Le cinéaste qui a remporté le Ours d’Or à la Berlinale, Mati Diop, est une femme noire dont le père est sénégalais et qui consacre jusqu’à présent son travail de réalisatrice à l’exploration du terrible héritage du colonialisme. La présidente du jury qui lui a décerné ce prix, l’actrice Lupita Nyong’o, est une femme noire de parents kenyans qui a utilisé le succès obtenu grâce à son travail à Hollywood pour défendre la culture africaine. Et bien que ce parallélisme contribue sans aucun doute à expliquer pourquoi le prix décerné à Meilleur film de la 74e édition de la Berlinale s’est retrouvé dans le deuxième long métrage de Diop, « Dahomey », L’argument le plus convaincant pour défendre la décision des juges est qu’il n’est pas facile de trouver des titres plus méritants parmi ceux contre qui elle a été opposée. Cela dit, on peut se demander : Diop aurait-il eu une réelle chance de remporter un tel triomphe si le concours proposé cette année par le festival avait prouvé la qualité artistique qu’on attend encore de lui ?
Tout au long de ses 68 minutes d’images, « Dahomey » observer le processus entamé en novembre 2021 avec le rapatriement de 26 œuvres d’art venant du royaume du Dahomey, aujourd’hui Bénin, qui avait été volé il y a 130 ans par les Français ; et en même temps, tout en combinant une base documentaire avec des éléments typiques du cinéma fantôme, il propose des arguments irréfutables sur les abus commis par l’Europe en Afrique et sur la nécessité de restituer le patrimoine culturel à leurs pays d’origine, et en même temps il fonctionne comme critique pertinente des musées comme des espaces qui célèbrent le colonialisme mais aussi comme une justification de son importance en tant qu’instrument pédagogique. Et il le fait de manière impeccable, mais quand on le voit, il est plus pertinent de lui attribuer du mérite pour le sujet qu’il traite et pour les ressources dont il a disposé en le faisant, plutôt que pour le traitement de ce sujet ou de ces ressources. d’une manière particulièrement complexe ou ambitieuse.
Sur le papier, il ne devrait pas être particulièrement surprenant que le Grand Prix du Jury -traditionnellement considérée comme la deuxième récompense la plus importante de la liste- a été décernée au Le nouveau film de Hong Sangsoo, « A Traveller’s Needs », étant donné l’histoire d’amour que le réalisateur coréen entretient depuis des années avec ce festival : il y a participé sept fois, dont cinq au cours des quatre dernières années, et jusqu’à aujourd’hui il avait déjà remporté un autre Grand Prix du Jury et deux statuettes du Meilleur Adresse. Et pourtant, il est tellement choquant qu’une récompense de ce calibre soit attribuée à ce qui est sans aucun doute l’un des films les plus sans conséquence de sa célèbre carrière Ce soir, en montant sur scène pour le récupérer, Hong lui-même a déclaré : « Je ne sais pas ce que vous avez vu dans mon film. »
Et une sorte d’ironie similaire peut être tirée de Prix du Jury accordée à « L’empire », de Bruno Dumont, une comédie véritablement stupide – sur deux puissances ennemies venues des confins de l’espace qui choisissent la côte normande pour établir la domination de l’univers – qui invite à la comprendre comme une coupe du manga au type de cinéma aux intentions transcendantes qui est habituellement primé dans les festivals, et auquel Dumont lui-même a consciemment consacré la première partie de sa carrière.

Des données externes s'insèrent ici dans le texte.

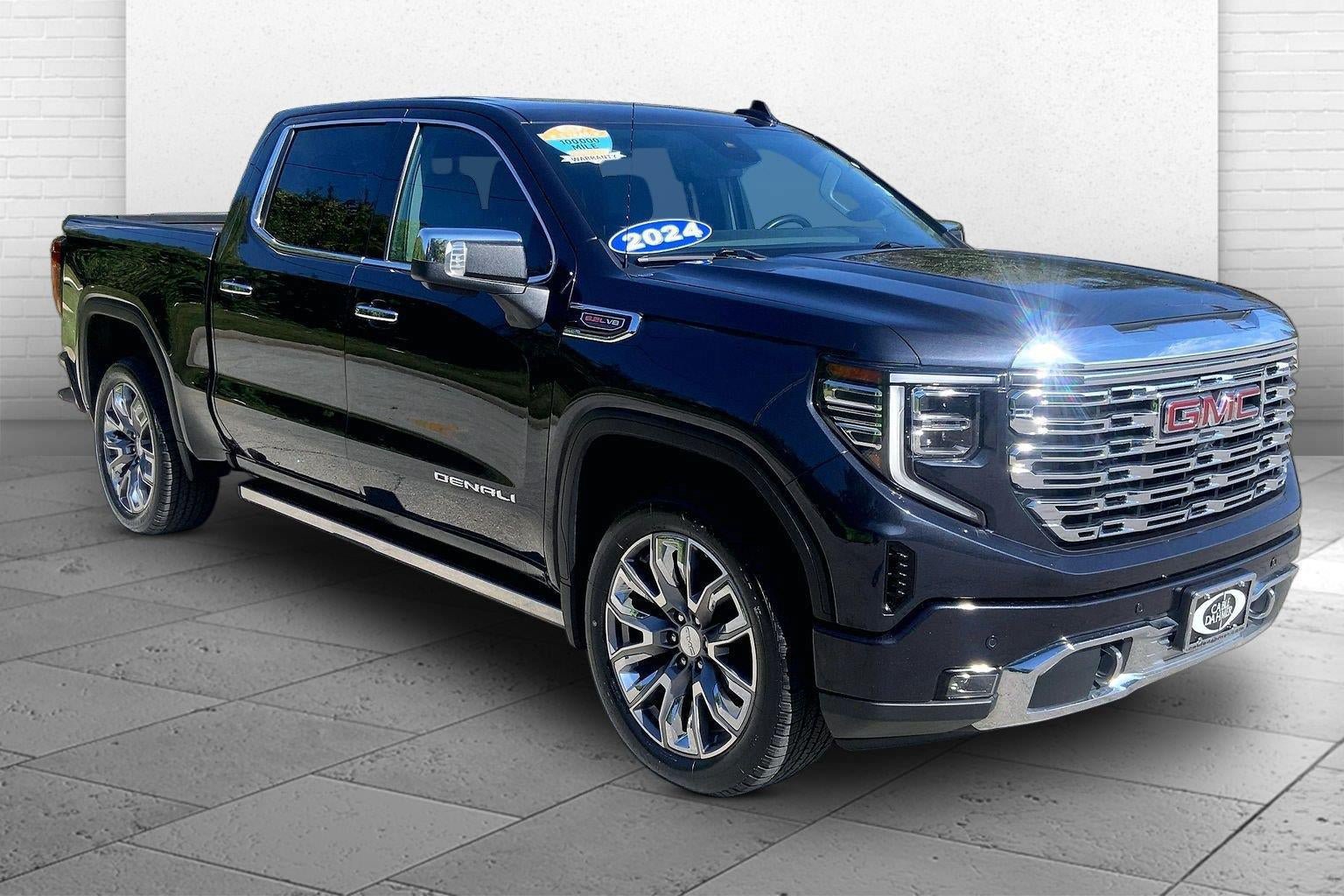 Used 2024 GMC Sierra 1500 Denali w/ Denali Reserve Package AWD/4WD image 1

En réalité, le palmarès global des distinctions annoncées ce soir est tout aussi déconcertant. Il Prix de la meilleure réalisation est allé en République Dominicaine Nelson Carlos De Los Santos Arias pour son troisième long métrage, « Pépé », dans lequel vous utilisez le sort de l’un des hippopotames que le trafiquant de drogue Pablo Escobar Il a créé tout un assortiment de trucs cinématographiques dans son zoo personnel comme prétexte pour nous impressionner un peu gratuitement ; et bien que le jury ait eu tout à fait raison en attribuant le prix Ours d’argent pour la meilleure performance principale à Sebastian Stan, que dans ‘A Different Man’, c’est tout en finesse de donner vie à un acteur prisonnier de ses propres préjugés, de ses insécurités et de ses vanités, par contre ils ont décidé d’accorder le Prix de la meilleure performance dans un second rôle aux britanniques Émilie Watson dont le travail dans « De petites choses comme celles-ci », En tant que religieuse responsable de l’une des tristement célèbres blanchisseries de Magdalena, c’est une démonstration de mal caricatural.